Crufts 2010 Back on TV But Still Playing Host to Unhealthy Dogs

Channel 4’s alternative broadcasting outlet, More4 is home to some genuinely brilliant shows such as Curb Your Enthusiasm, The Daily Show, The West Wing, The Sopranos and some incredible documentaries. It also has its fair share of tosh (Sex Change Hospital, Ramsay’s Kitchen Swear-a-Thon) and doesn’t appear afraid to throw the odd freakshow at its liberally minded viewers. In 2010, More4 welcomes Crufts to its schedules. The all new, health conscious Crufts. Oh. Hang on a minute…..

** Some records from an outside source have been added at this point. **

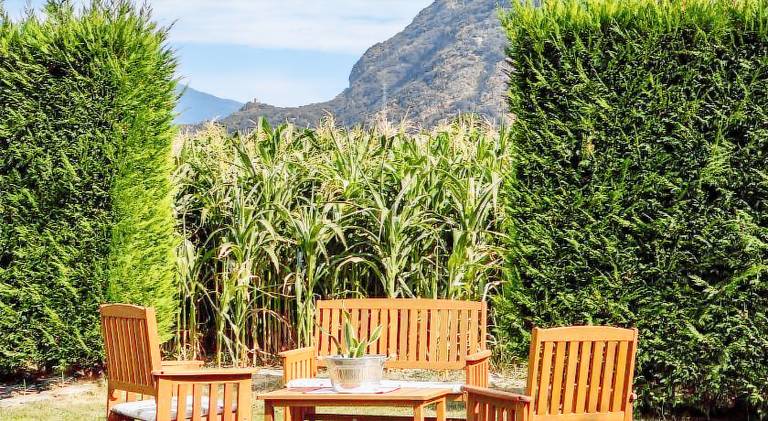 Nice farm with garden | Perfect for remote work | Pet-friendly — photo 5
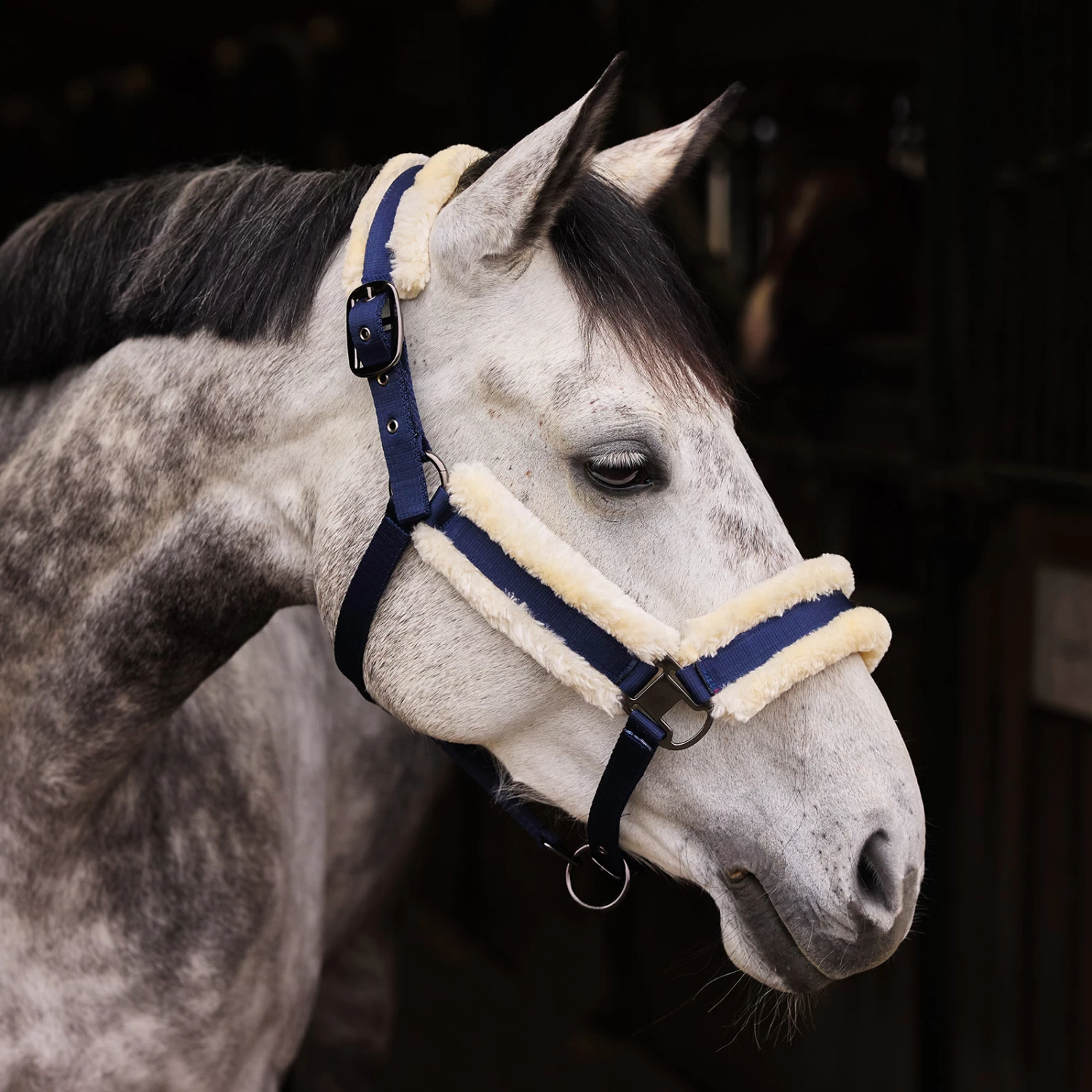 Horze Marquess Halter - Burnt Olive - Image 7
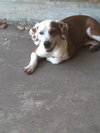 Betty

Just take a little looky at a WINNING dog from the Leeds Championship dog show held on July 26

neo-winner

So – for those who don’t follow or necessarily understand dog shows – the dog above is now qualified and will presumably exhibit at Crufts.

For those who may be blind, the dog above has so many heavy folds of skin weighing its own face down it would be hard to imagine how that would feel. To try and imagine it, get some bulldog clips and attach some weights to them – clip them on to your face in various parts, just enough that your skin becomes loose and gravitates south. Now, leave those clips in place oohh, let’s say, forever. Yes, leave them in place, pulling your skin from your face – until you die. That ought to give some degree of understanding.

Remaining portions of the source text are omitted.